May 4, 2026
Published6 min readThe MCP proxy is the enforcement primitive
Voluntary safety checks don't survive contact with a real agent. If you want a policy layer that actually stops destructive tools, it has to be in the request path. And once it is, you also get the team's shared context for free.
- mcp
- agent-infrastructure
- policy
When you wire a policy layer into an MCP-using agent stack, there are roughly two paths.
The first looks elegant. You expose a tool the agent calls voluntarily before doing anything destructive. “please check this command before running it.” The check returns allow, warn, review, or block. The agent does the right thing.
The second path looks heavier. A process sits between the agent and the tools it uses. Every action the agent attempts flows through. The proxy evaluates the same policy and decides whether to forward, forward with a note, or return a refusal the agent has to react to.
The first path is the only one that fails. The second is the only one that works.
Why voluntary fails
Three failure modes that show up almost immediately.
The agent forgets. Not every time. Most of the time the check fires and everything is fine. But the variance over thousands of tool calls is non-zero, and the one call it forgets is the one with a destructive command in the argument. The base rate doesn't matter once you're past a meaningful number of operations; the tail does.
There's a window between the check and the action. An agent that asks the policy layer for permission and then makes the destructive call has time between the two in which conditions can change. A different file gets staged, a context flips, a branch updates. The check passes against state A; the action fires against state B.
The trust boundary is in the wrong place. A safety check that depends on the thing being checked to call it is not a safety check. It's a request for a status update. If your safety primitive is advisory, you're not enforcing anything; you're documenting intent.
The shape that works
Put the policy layer in the request path. The agent doesn't know it's there. Every action the agent attempts is intercepted, evaluated, and either forwarded to the downstream tool or returned to the agent as a refusal it has to handle. Destructive operations stop being advisory because there is no path through the system that bypasses the check.
The agent gets a structured refusal it can react to. Apologize, try a different tool, escalate to the human. There's no window in which the destructive thing happens because the policy was optional.
Capture as a byproduct
The non-obvious consequence: once the policy layer is in the path, you also have a capture point.

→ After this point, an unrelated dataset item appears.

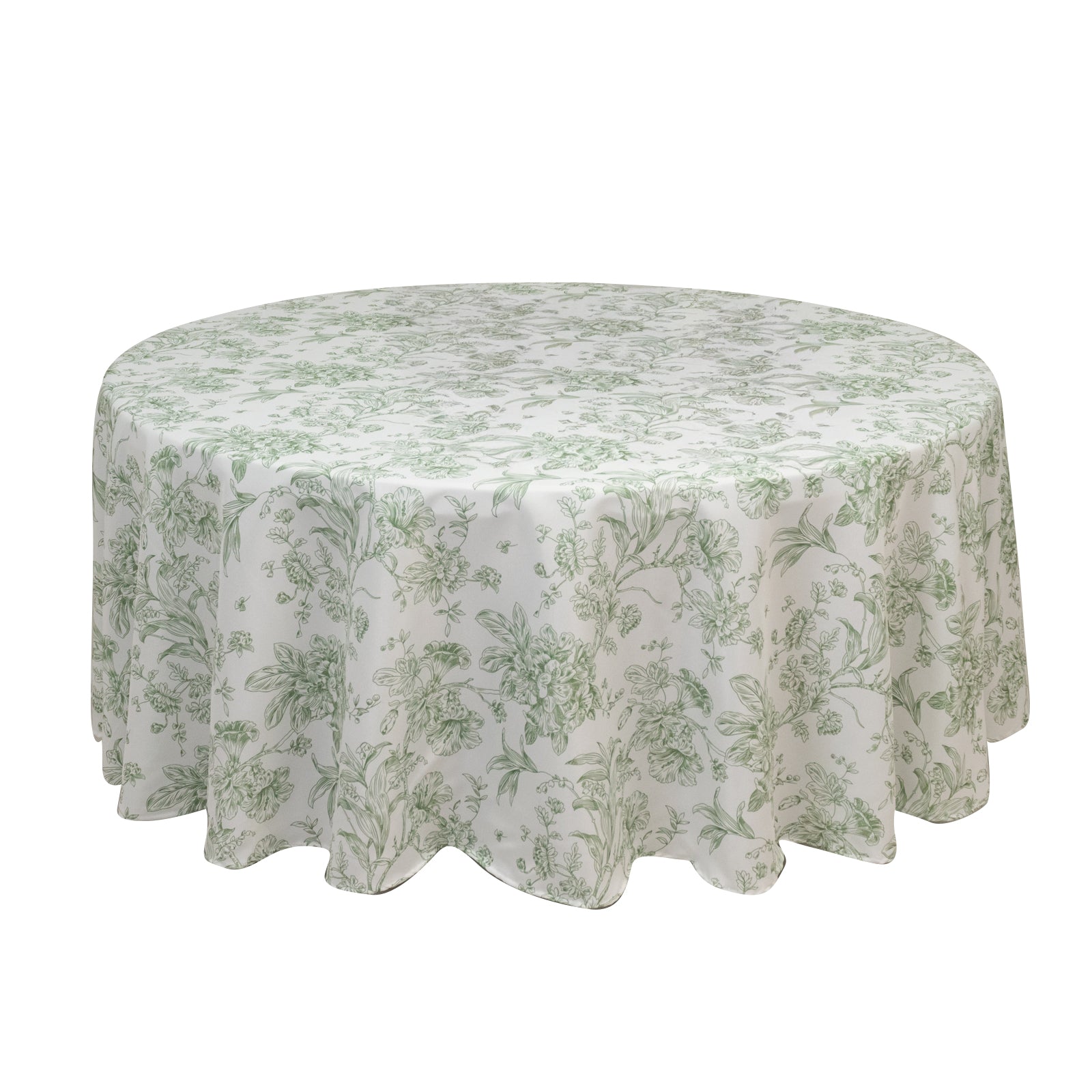 Polyester 108" Round Tablecloth White - Dusty Sage Green French Toile Pattern for Chic Weddings - Bell Racket Store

Every action becomes a record. What was attempted, what the policy said, what actually happened. That's the team's shared context, accumulated automatically as work proceeds. No separate instrumentation pipeline. No agent that has to remember to call a logging tool.
This is why building enforcement and capture as separate things is a mistake. They're the same observation. If you've put the layer in the path, you've built both.

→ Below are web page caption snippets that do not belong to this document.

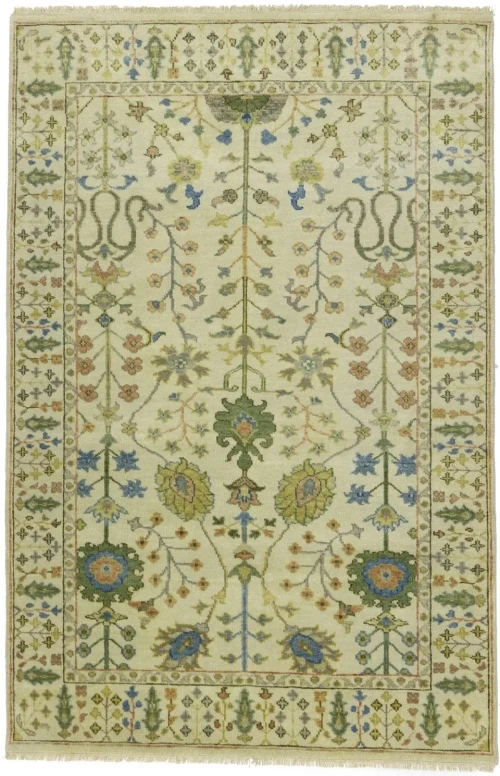 Ivory Floral 4X6 Osh Chobi Oriental Rug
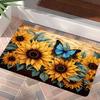Rustic Floral Door Mat Bright Sunflower Blue Butterfly Wood Pattern Print Front Door Entryway Hallway Home Decor Floor Carpet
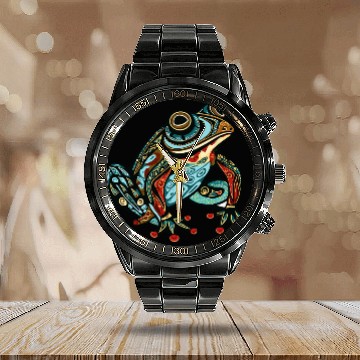 Discover Frog Pet Native American Indian Style Art Pacific Northwest 30 Calendar Steel Band Watch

Static rules plus contextual judgement
Static rules cover the obvious destructive cases. Clearly destructive shell commands, schema changes, force pushes, writes to credential files. They fall apart on the cases that need context. A write to a production system that's legitimate during a planned migration and illegitimate the rest of the time. A force push that's correct when the operator said “rewrite my last three commits” and wrong otherwise.
The right shape is two layers in sequence. Static rules fire first. Fast, free, deterministic, auditable. Most decisions never need anything more. For the cases that genuinely require contextual judgement, the policy layer can defer to a model with the captured context. The deterministic layer is the floor; the contextual layer is the exception. Most teams skip this and try to use one or the other for everything; both directions end badly.
What this generalizes to
The pattern reaches beyond agents. Any system where a process makes decisions you'll need to reason about later benefits from the same shape. Capture in the request path, enforce there, audit there. Voluntary instrumentation is a documentation artifact. Load-bearing instrumentation is a control.

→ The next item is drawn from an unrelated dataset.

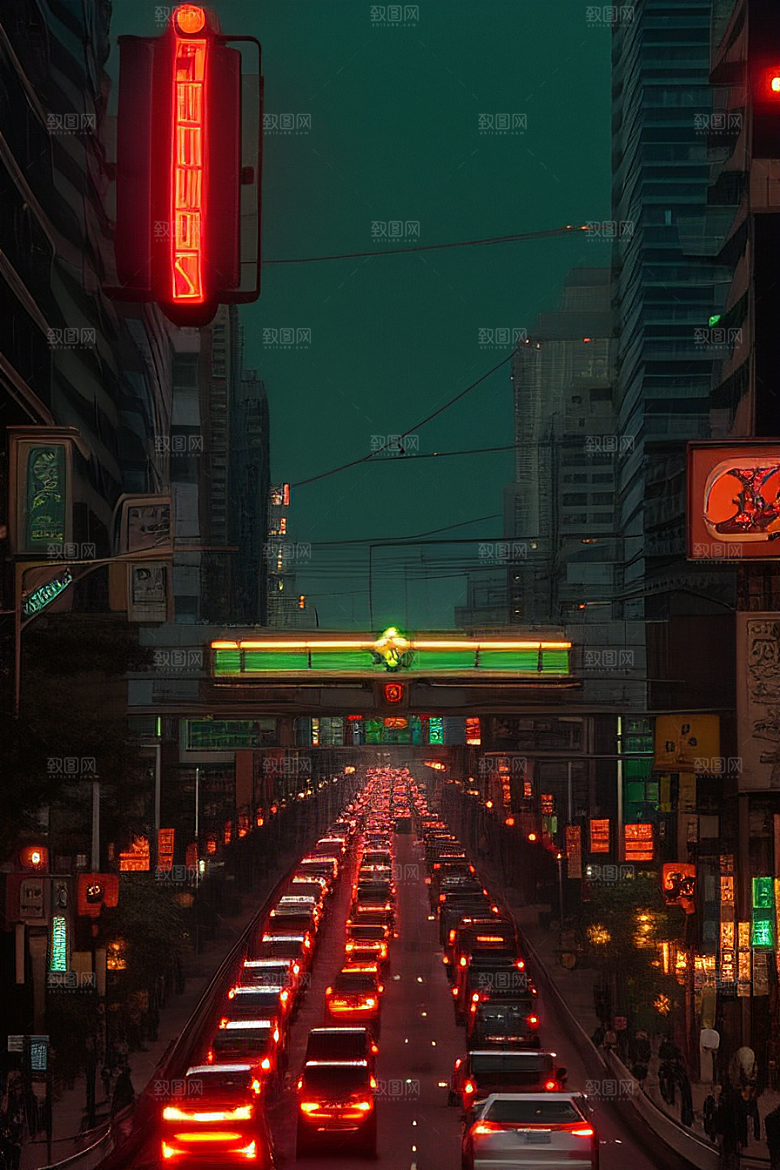 夜晚街道车流不息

For agent stacks specifically: if your policy layer's primary surface is “a tool the agent calls when it remembers to,” you're not done yet. The proxy in the path is the enforcement primitive. The capture layer falls out of having put it there.
That's been the most surprising lesson for me. I came in thinking the harder problem was the substrate. What to capture, how to type it, how to retrieve it. It is hard. But the substrate is downstream. The enforcement primitive is what makes everything built on top of it real.